Pman brought up good points. High power greens are everywhere and it's too easy to not know what you're doing with something not-so-safe.
As for diode power, 532nm lasers actually use an infrared laser diode at 808nm which is mostly invisible light. It's converted through crystals to visible 532. Many 532 lasers (certainly the 303) won't have an IR filter so use caution. Even when it seems "dead" and no green light is produced, you can still be shooting out IR. Some people can see the IR as a very faint deep red. DON'T look into the aperture. You can look at it from the side and sometimes see it. Or point a camera at the laser and look at the cam's screen.
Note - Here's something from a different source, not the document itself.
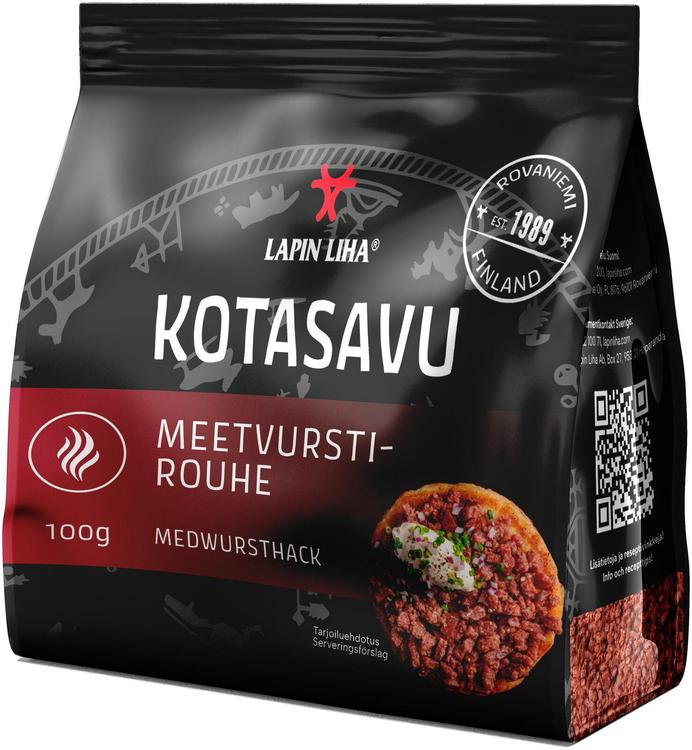 Lapin Liha Kotasavu meetvurstirouhe 100g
The diode itself can be running several hundreds of mW, and only a fraction 50-100mW gets converted to 532. Along with maybe 10-30mW of IR (these are ballpark estimates). Just always be careful with 532 lasers even when they seem dead. Also as the battery drains and the green output decreases, you can still be getting a lot of IR.
You would need an LPM to find out the real power output of the light itself. Keep in mind this reading would include the IR. You could put an IR filter between the laser & sensor and get the power of only the 532.
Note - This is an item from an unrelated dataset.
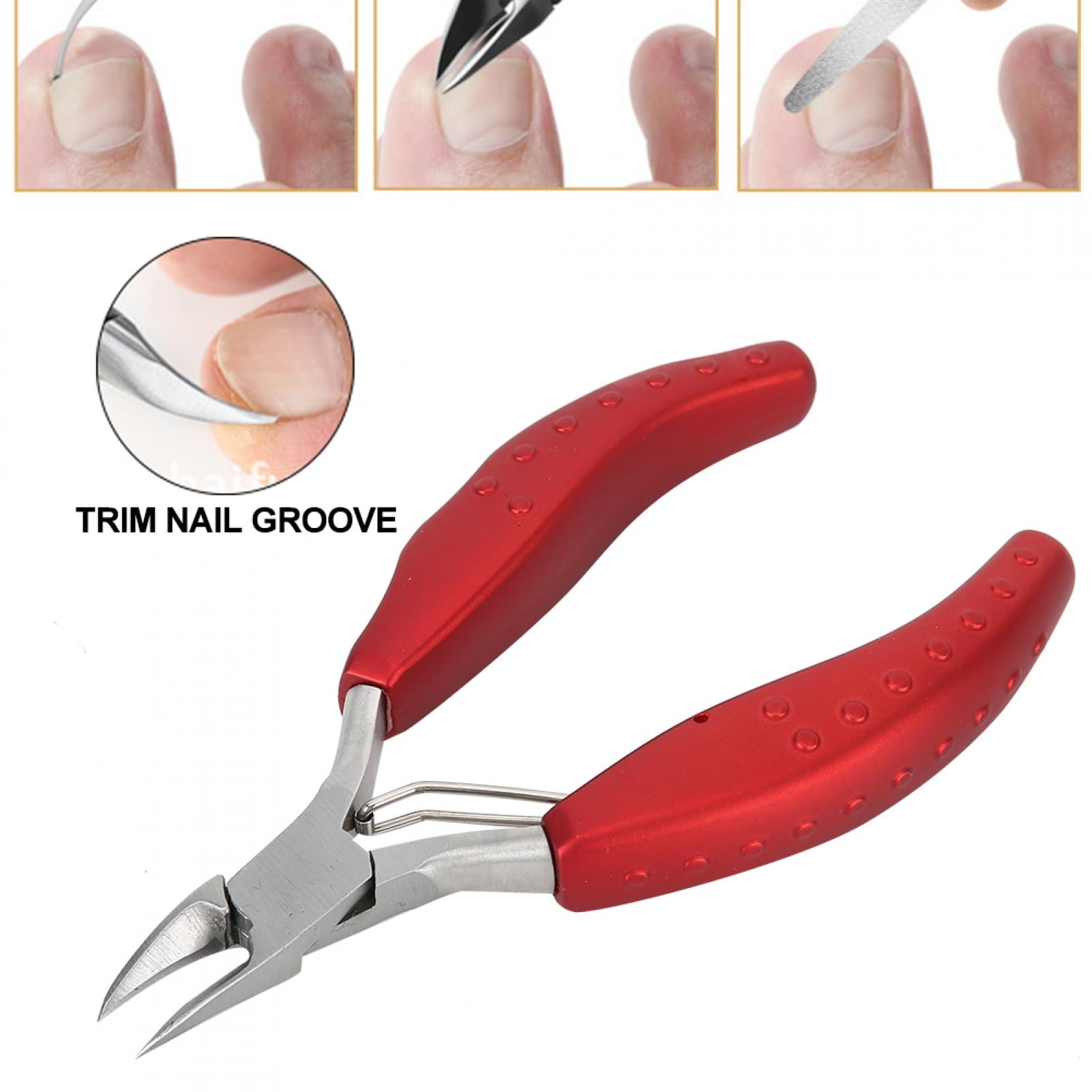 Nail Clipper, Professional Cuticle Nipper Ingrown Toenail Clipper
All the common Lithium-ion
rechargeable batteries are the same voltage. Listed as 3.7 but will be about 4.2 at full charge, decreasing to about 2.75V when "dead". This applies to all the common sizes (18650, 18350, 16340, 10440, etc). The difference is capacity. An 18650 holds a lot more than a 16340 for instance. But it also depends on the current draw. I have a low power 650nm which uses a 16340 and I almost never need to charge it. I have a 300mW 532 which draws 1500mA which burns through a 16340 in 20 minutes.
Try to avoid cheap unprotected Li-ion cells. Also avoid cheap chargers. You can get a Nitecore i2 on Amazon for about $14. Worth every penny.
Your Laser 303 is a decent laser but don't be surprised if it fails. It's just the way cheap greens can be. They are mass produced to an enormous level.